Input material:
______

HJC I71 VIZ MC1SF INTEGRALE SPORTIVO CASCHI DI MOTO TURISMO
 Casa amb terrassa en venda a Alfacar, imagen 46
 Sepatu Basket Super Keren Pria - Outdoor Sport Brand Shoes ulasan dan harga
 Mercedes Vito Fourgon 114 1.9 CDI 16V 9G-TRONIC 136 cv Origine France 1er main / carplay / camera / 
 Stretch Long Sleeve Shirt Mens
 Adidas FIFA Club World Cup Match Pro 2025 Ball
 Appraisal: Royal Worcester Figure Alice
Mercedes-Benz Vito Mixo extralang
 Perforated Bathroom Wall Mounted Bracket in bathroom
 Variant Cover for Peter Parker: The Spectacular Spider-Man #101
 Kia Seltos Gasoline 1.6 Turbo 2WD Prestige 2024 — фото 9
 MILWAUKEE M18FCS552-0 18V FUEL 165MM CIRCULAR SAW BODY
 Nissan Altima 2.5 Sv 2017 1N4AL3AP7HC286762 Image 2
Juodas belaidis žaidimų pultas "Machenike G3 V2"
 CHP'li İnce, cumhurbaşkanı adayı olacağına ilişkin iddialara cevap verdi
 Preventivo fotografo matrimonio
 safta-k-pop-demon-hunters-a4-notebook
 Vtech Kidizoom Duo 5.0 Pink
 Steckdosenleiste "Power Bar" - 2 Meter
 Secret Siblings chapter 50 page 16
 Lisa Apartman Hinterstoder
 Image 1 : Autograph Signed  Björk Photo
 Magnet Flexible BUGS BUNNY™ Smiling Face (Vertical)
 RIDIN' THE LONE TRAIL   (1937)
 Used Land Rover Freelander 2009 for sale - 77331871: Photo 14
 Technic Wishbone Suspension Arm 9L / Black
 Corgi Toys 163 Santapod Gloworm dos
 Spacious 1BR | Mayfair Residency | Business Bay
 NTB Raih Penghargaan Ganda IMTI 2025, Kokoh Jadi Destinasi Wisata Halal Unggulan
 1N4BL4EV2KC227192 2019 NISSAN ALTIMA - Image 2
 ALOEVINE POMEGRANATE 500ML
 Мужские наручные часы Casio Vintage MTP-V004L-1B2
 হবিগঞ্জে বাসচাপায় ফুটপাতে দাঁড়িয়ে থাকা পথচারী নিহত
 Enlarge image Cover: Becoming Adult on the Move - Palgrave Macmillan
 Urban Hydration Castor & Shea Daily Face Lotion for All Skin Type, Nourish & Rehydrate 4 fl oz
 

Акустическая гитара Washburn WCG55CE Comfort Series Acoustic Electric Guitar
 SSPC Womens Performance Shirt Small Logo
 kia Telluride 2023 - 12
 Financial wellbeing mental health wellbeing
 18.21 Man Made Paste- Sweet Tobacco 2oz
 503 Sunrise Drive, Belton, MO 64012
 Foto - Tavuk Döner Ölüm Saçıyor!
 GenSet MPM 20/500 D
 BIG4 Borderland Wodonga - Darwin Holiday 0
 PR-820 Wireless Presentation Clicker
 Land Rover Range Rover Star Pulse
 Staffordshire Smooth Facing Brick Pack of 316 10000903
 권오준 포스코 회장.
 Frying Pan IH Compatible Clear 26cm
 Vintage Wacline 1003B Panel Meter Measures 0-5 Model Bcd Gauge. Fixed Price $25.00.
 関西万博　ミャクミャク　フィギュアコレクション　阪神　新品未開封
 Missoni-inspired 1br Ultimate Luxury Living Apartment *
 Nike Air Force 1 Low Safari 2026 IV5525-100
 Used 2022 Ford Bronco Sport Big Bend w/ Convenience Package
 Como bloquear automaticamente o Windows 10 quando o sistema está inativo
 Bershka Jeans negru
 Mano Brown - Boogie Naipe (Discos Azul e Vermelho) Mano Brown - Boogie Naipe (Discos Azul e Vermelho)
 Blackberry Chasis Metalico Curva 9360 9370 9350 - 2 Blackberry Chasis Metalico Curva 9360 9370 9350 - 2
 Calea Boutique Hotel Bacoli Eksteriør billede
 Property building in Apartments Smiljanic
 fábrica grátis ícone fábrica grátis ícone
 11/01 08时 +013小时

______

What to do: Go through the data above and transcribe every entry exactly.

Task output:
HJC I71 VIZ MC1SF INTEGRALE SPORTIVO CASCHI DI MOTO TURISMO
 Casa amb terrassa en venda a Alfacar, imagen 46
 Sepatu Basket Super Keren Pria - Outdoor Sport Brand Shoes ulasan dan harga
 Mercedes Vito Fourgon 114 1.9 CDI 16V 9G-TRONIC 136 cv Origine France 1er main / carplay / camera / 
 Stretch Long Sleeve Shirt Mens
 Adidas FIFA Club World Cup Match Pro 2025 Ball
 Appraisal: Royal Worcester Figure Alice
Mercedes-Benz Vito Mixo extralang
 Perforated Bathroom Wall Mounted Bracket in bathroom
 Variant Cover for Peter Parker: The Spectacular Spider-Man #101
 Kia Seltos Gasoline 1.6 Turbo 2WD Prestige 2024 — фото 9
 MILWAUKEE M18FCS552-0 18V FUEL 165MM CIRCULAR SAW BODY
 Nissan Altima 2.5 Sv 2017 1N4AL3AP7HC286762 Image 2
Juodas belaidis žaidimų pultas "Machenike G3 V2"
 CHP'li İnce, cumhurbaşkanı adayı olacağına ilişkin iddialara cevap verdi
 Preventivo fotografo matrimonio
 safta-k-pop-demon-hunters-a4-notebook
 Vtech Kidizoom Duo 5.0 Pink
 Steckdosenleiste "Power Bar" - 2 Meter
 Secret Siblings chapter 50 page 16
 Lisa Apartman Hinterstoder
 Image 1 : Autograph Signed  Björk Photo
 Magnet Flexible BUGS BUNNY™ Smiling Face (Vertical)
 RIDIN' THE LONE TRAIL   (1937)
 Used Land Rover Freelander 2009 for sale - 77331871: Photo 14
 Technic Wishbone Suspension Arm 9L / Black
 Corgi Toys 163 Santapod Gloworm dos
 Spacious 1BR | Mayfair Residency | Business Bay
 NTB Raih Penghargaan Ganda IMTI 2025, Kokoh Jadi Destinasi Wisata Halal Unggulan
 1N4BL4EV2KC227192 2019 NISSAN ALTIMA - Image 2
 ALOEVINE POMEGRANATE 500ML
 Мужские наручные часы Casio Vintage MTP-V004L-1B2
 হবিগঞ্জে বাসচাপায় ফুটপাতে দাঁড়িয়ে থাকা পথচারী নিহত
 Enlarge image Cover: Becoming Adult on the Move - Palgrave Macmillan
 Urban Hydration Castor & Shea Daily Face Lotion for All Skin Type, Nourish & Rehydrate 4 fl oz
 

Акустическая гитара Washburn WCG55CE Comfort Series Acoustic Electric Guitar
 SSPC Womens Performance Shirt Small Logo
 kia Telluride 2023 - 12
 Financial wellbeing mental health wellbeing
 18.21 Man Made Paste- Sweet Tobacco 2oz
 503 Sunrise Drive, Belton, MO 64012
 Foto - Tavuk Döner Ölüm Saçıyor!
 GenSet MPM 20/500 D
 BIG4 Borderland Wodonga - Darwin Holiday 0
 PR-820 Wireless Presentation Clicker
 Land Rover Range Rover Star Pulse
 Staffordshire Smooth Facing Brick Pack of 316 10000903
 권오준 포스코 회장.
 Frying Pan IH Compatible Clear 26cm
 Vintage Wacline 1003B Panel Meter Measures 0-5 Model Bcd Gauge. Fixed Price $25.00.
 関西万博　ミャクミャク　フィギュアコレクション　阪神　新品未開封
 Missoni-inspired 1br Ultimate Luxury Living Apartment *
 Nike Air Force 1 Low Safari 2026 IV5525-100
 Used 2022 Ford Bronco Sport Big Bend w/ Convenience Package
 Como bloquear automaticamente o Windows 10 quando o sistema está inativo
 Bershka Jeans negru
 Mano Brown - Boogie Naipe (Discos Azul e Vermelho) Mano Brown - Boogie Naipe (Discos Azul e Vermelho)
 Blackberry Chasis Metalico Curva 9360 9370 9350 - 2 Blackberry Chasis Metalico Curva 9360 9370 9350 - 2
 Calea Boutique Hotel Bacoli Eksteriør billede
 Property building in Apartments Smiljanic
 fábrica grátis ícone fábrica grátis ícone
 11/01 08时 +013小时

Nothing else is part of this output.